Problem: All of the data should be repeated exactly; pictures are not part of the copy.

Excerpted data:
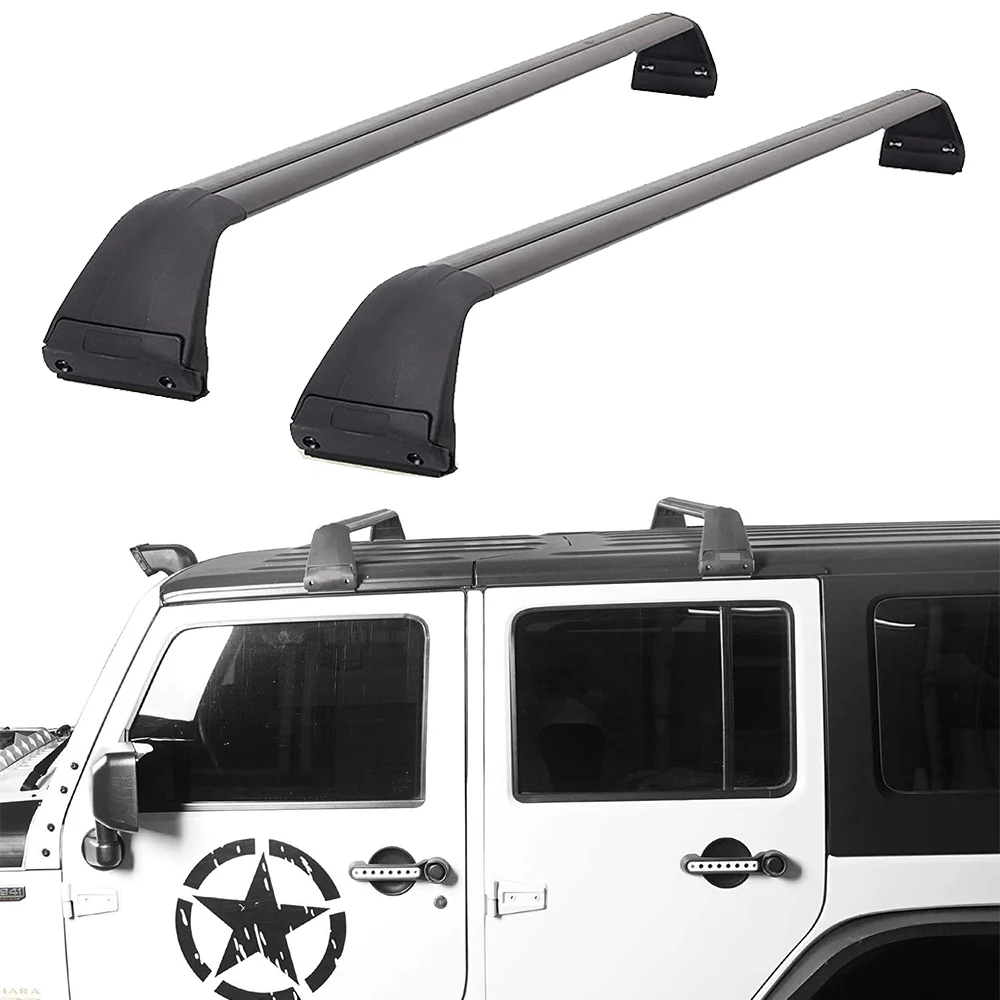 Roof Rack Cross Bars For Jeep Wrangler JK 2007 2017 Aluminum Crossbars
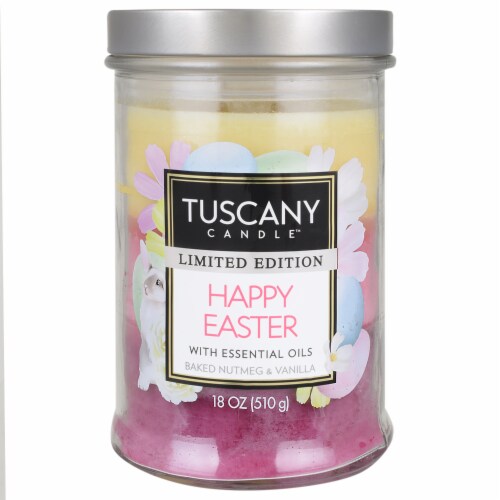 Tuscany Candle™ Limited Edition Jar Candle - Happy Easter Perspective: front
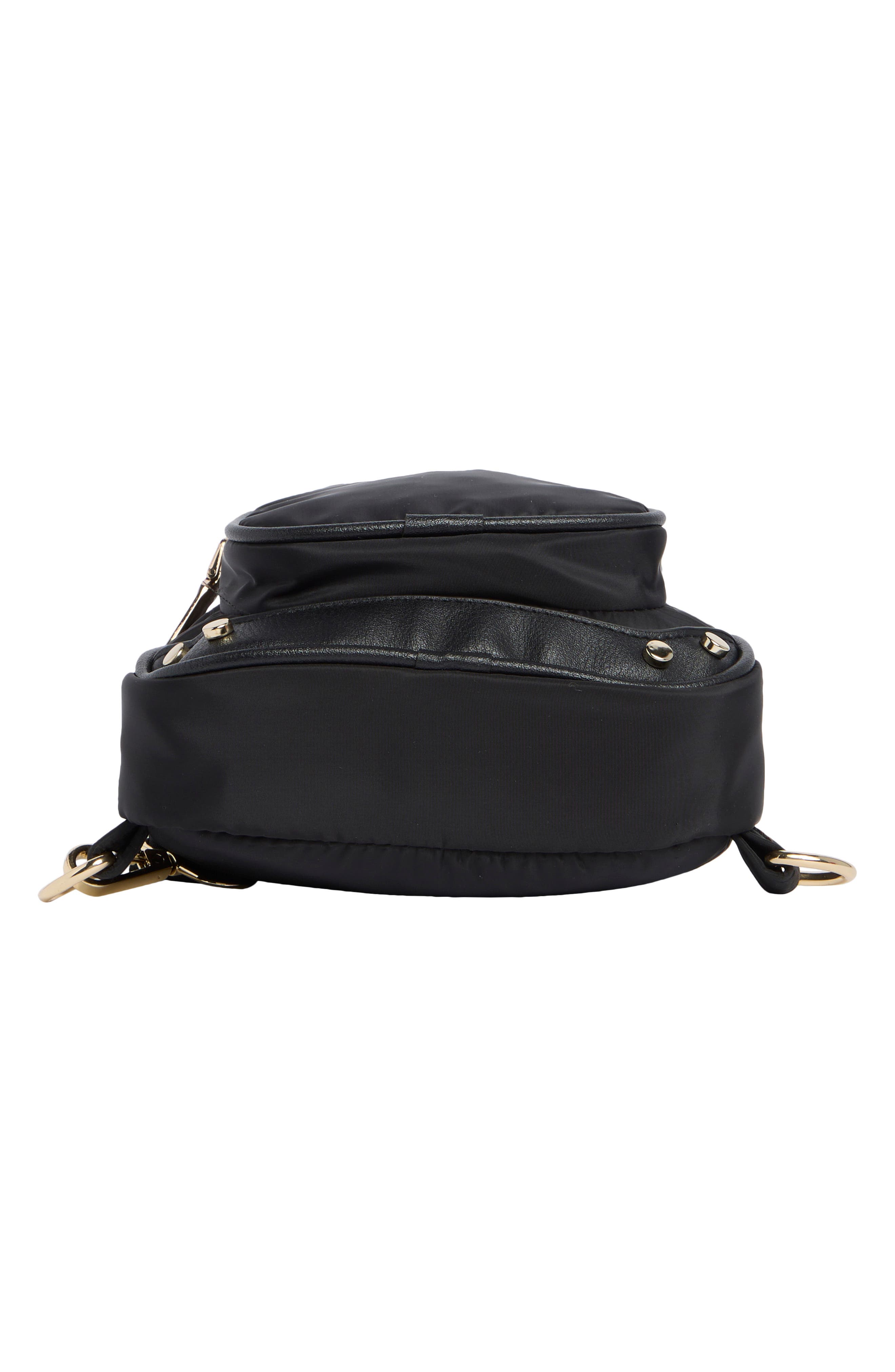 Nylon Sling Bag, Alternate, color, BLACK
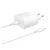 SAMSUNG hálózati töltő Type-C aljzat (45W, PD gyorstöltő 2.0 + 100cm Type-C kábel) FEHÉR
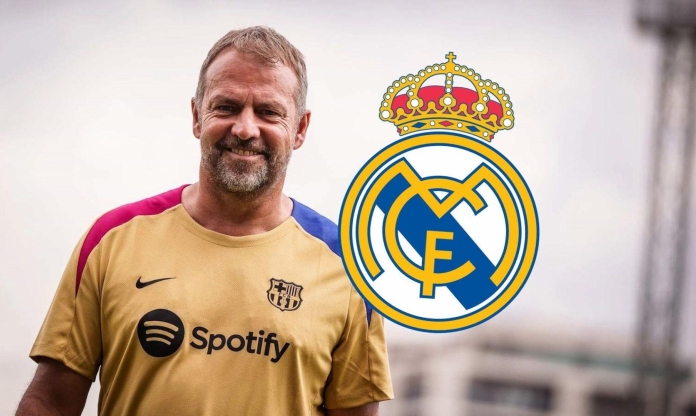 Hansi Flick tung ra 4 từ 'đá xoáy' nhắm thẳng vào Real Madrid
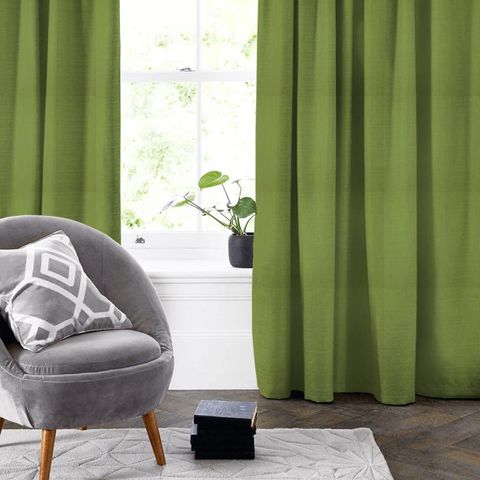 Dornoch Olive Made To Measure Curtain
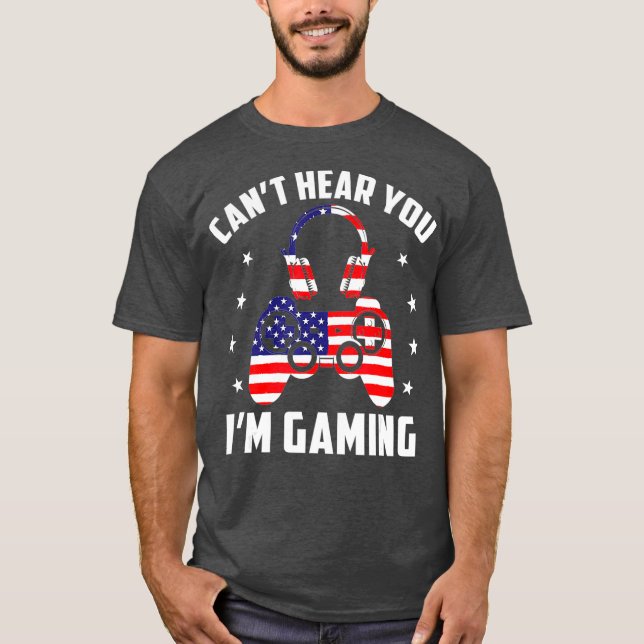 Gamer Headset Cant hört euch im Gaming Memorial T-Shirt (Vorderseite)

Response to the exercise:
 Roof Rack Cross Bars For Jeep Wrangler JK 2007 2017 Aluminum Crossbars
 Tuscany Candle™ Limited Edition Jar Candle - Happy Easter Perspective: front
 Nylon Sling Bag, Alternate, color, BLACK
 SAMSUNG hálózati töltő Type-C aljzat (45W, PD gyorstöltő 2.0 + 100cm Type-C kábel) FEHÉR
 Hansi Flick tung ra 4 từ 'đá xoáy' nhắm thẳng vào Real Madrid
 Dornoch Olive Made To Measure Curtain
 Gamer Headset Cant hört euch im Gaming Memorial T-Shirt (Vorderseite)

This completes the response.